In 1995, at age 53, Larkin became a worldwide star. Sales of his debut single were slow at first, but they gradually reached number one in many countries and sold more than six million records worldwide. "Scatman (Ski-Ba-Bop-Ba-Dop-Bop)" charted highly across Europe and Japan and remains his biggest-selling and most well-known song. He later followed up with the song "Scatman's World" entering the UK Singles Chart at number 10, which met lesser but still notable success, selling a million copies and charting highly throughout Europe.

Following the success of these two singles, he released his debut album as Scatman John, also titled Scatman's World, which entered the top 10 album charts in many countries, including his then home Germany as well as in Switzerland, Finland and Norway; the album eventually sold millions of copies worldwide, becoming so popular that a Scatman John design appeared on Coca-Cola cans. He began a promotional and concert tour of Europe and Asia. Referring to a performance in Spain, Larkin said, "the kids screamed for five minutes straight, I couldn't start the song".
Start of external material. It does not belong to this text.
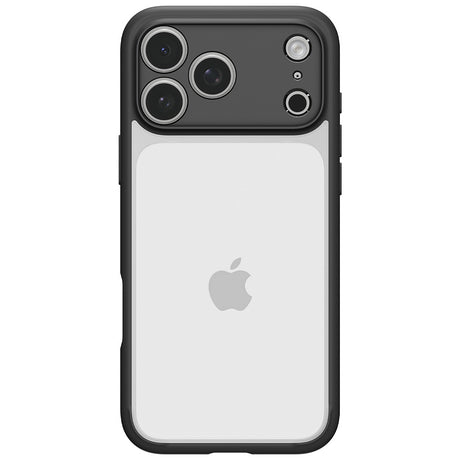 Husa de protectie Spigen Ultra Hybrid compatibil cu iPhone 17 Pro / iPhone 18 Pro, Negru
The second Scatman John album, Everybody Jam!, was released in 1996. While nowhere near as successful on an international level as his debut, the album and accompanying single took off in Japan, the country in which he would see success on a larger scale than anywhere else in the world. In Europe, subsequent singles failed to replicate the chart success of his first two singles, giving him the title two-hit wonder.

The Japanese version of Everybody Jam! included a total of five bonus tracks, including the hit singles "Su Su Su Super Ki Re i" and "Pripri Scat", which were commissioned by Japanese companies for commercials for cosmetics and pudding, respectively.

The Ultraman franchise even jumped on the Scatman bandwagon, releasing a single titled "Scatultraman", the cover art of which featured the Ultraman characters wearing Scatman's trademark hat and mustache. The album reached No. 45 in Switzerland.

The song "Can You Hear Me" was posthumously released in 2025.

==Illness and death==
In late 1998, Larkin was diagnosed with lung cancer. In June 1999, he released his fourth and final album as Scatman John, Take Your Time. Shortly afterward, he was sent into intensive treatment. Around that time it was rumored that John had collapsed on stage, which was false, since he had never performed in public after being diagnosed.

Larkin died at home in Los Angeles on December 3, 1999, at the age of 57. He was cremated, and his ashes were scattered at sea off the coast of Malibu, California, two years later.

His widow, who was the granddaughter of composer Jimmy McHugh and entertainer Eddie Cantor, died in 2023.

His stepson owns archives of Larkin: the John Larkin Archives and the Scatman John website.

==Discography==

- John Larkin (1986)
- John Larkin Sings (1990) (later released as Listen to the Scatman in 2001)
- Scatman's World (1995)
- Everybody Jam! (1996)
- Take Your Time (1999)

== Biographies ==
In 2022, Jeff Chi wrote and illustrated Who's The Scatman?, a graphic novel biography published in German. The comic details Larkin's rise in fame and career, as well as his recovery from drug and alcohol addiction. To gather details about Larkin's life, Chi conducted video chats with those who knew Larkin during his jazz days and Eurodance phase, including John's manager, Manfred Zähringer, the producers of his hit singles and albums, and musicians who knew him during his career.

In March 2023, a biopic on Larkin's life was announced via The Hollywood Reporter. The rights to the life story were given by his estate, and the film is set to feature unparalleled access to the entire Scatman library as well as previously unpublished private home videos.

In September 2024, an authorized biography on Larkin's life written by Gina Waggott was officially announced for a late 2025/early 2026 release, published by Bloomsbury Publishing. More than half of the book contains details about Larkin and his life never previously made public. Titled Scatman John: The Remarkable Story of the World's Unlikeliest Popstar, it was released on February 5, 2026.